## SUPPLIED MATERIAL:
┏━━
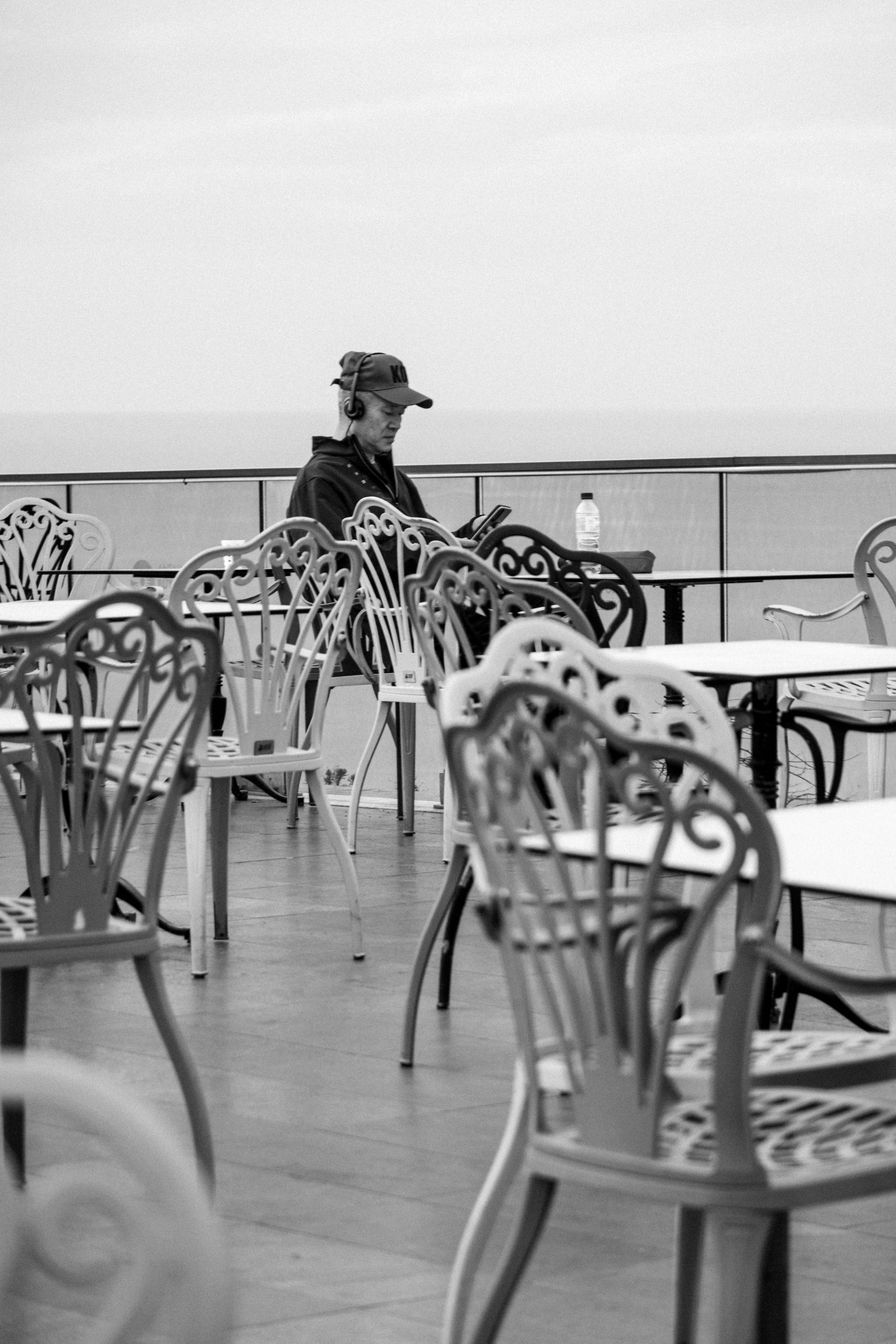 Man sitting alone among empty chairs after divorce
┗━━
┏━━
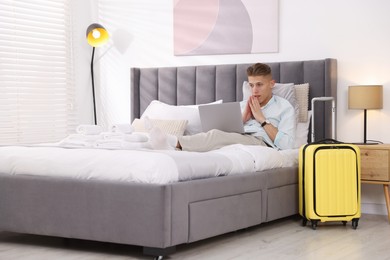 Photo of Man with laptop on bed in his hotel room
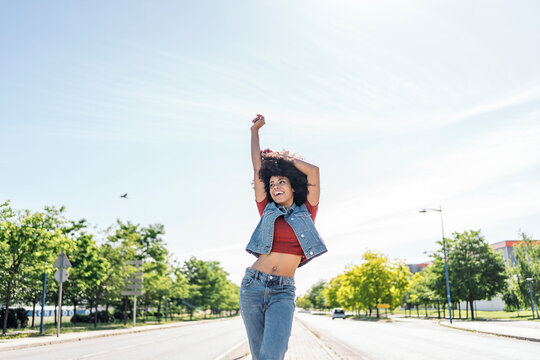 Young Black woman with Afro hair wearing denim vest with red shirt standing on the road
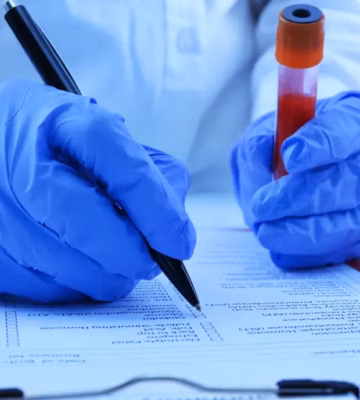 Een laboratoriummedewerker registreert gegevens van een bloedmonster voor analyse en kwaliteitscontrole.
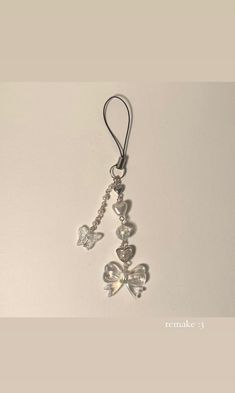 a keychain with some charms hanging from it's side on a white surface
┗━━
┏━━
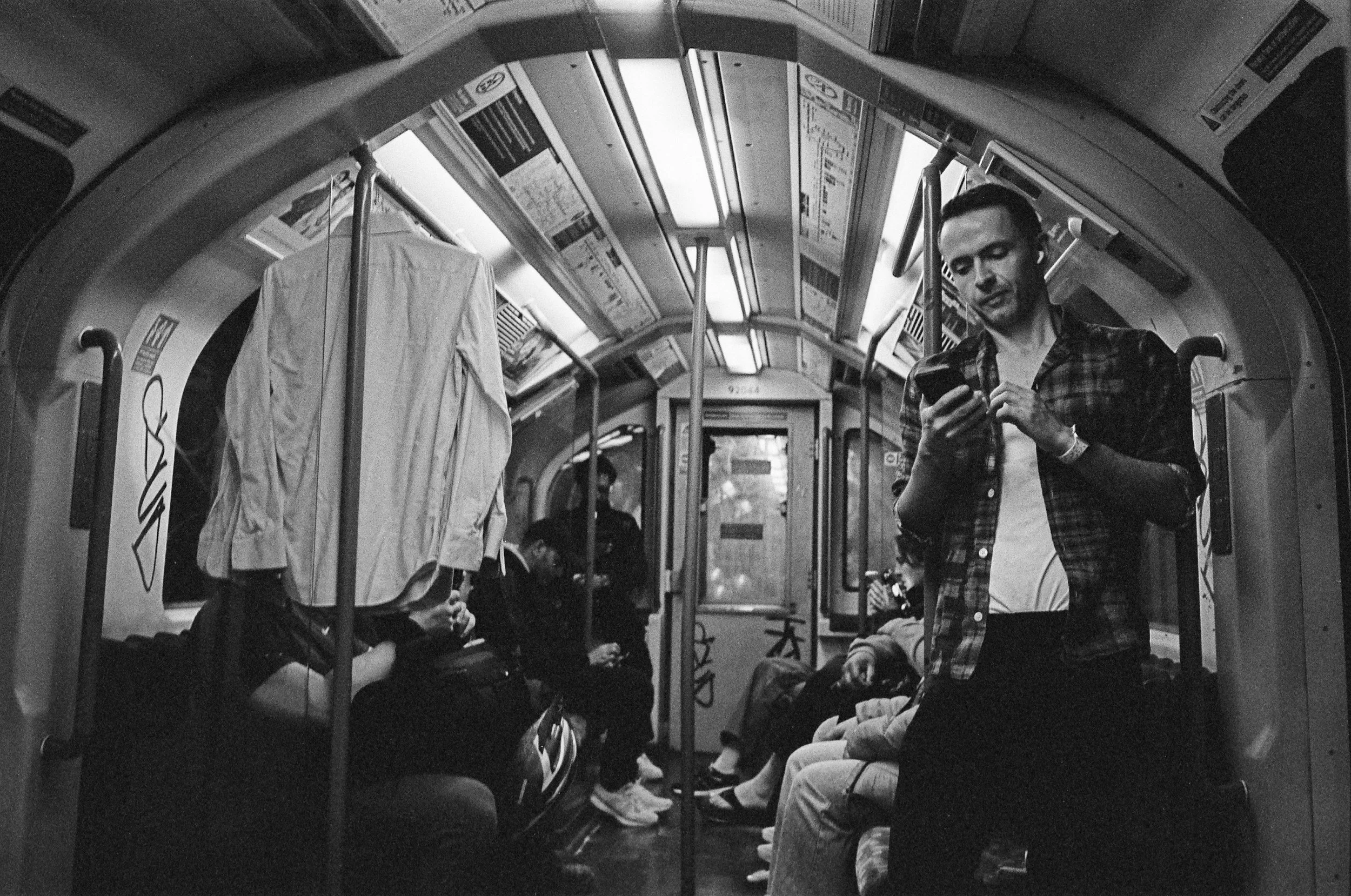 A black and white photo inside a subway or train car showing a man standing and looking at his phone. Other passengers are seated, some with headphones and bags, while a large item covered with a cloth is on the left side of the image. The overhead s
┗━━
## ACTIVITY:
Of the lines above, quote exactly those from the one with "Young Black woman" through the one with "a keychain with", ends included; pictures stay out.

## TASK SOLUTION:
 Young Black woman with Afro hair wearing denim vest with red shirt standing on the road
 Een laboratoriummedewerker registreert gegevens van een bloedmonster voor analyse en kwaliteitscontrole.
 a keychain with some charms hanging from it's side on a white surface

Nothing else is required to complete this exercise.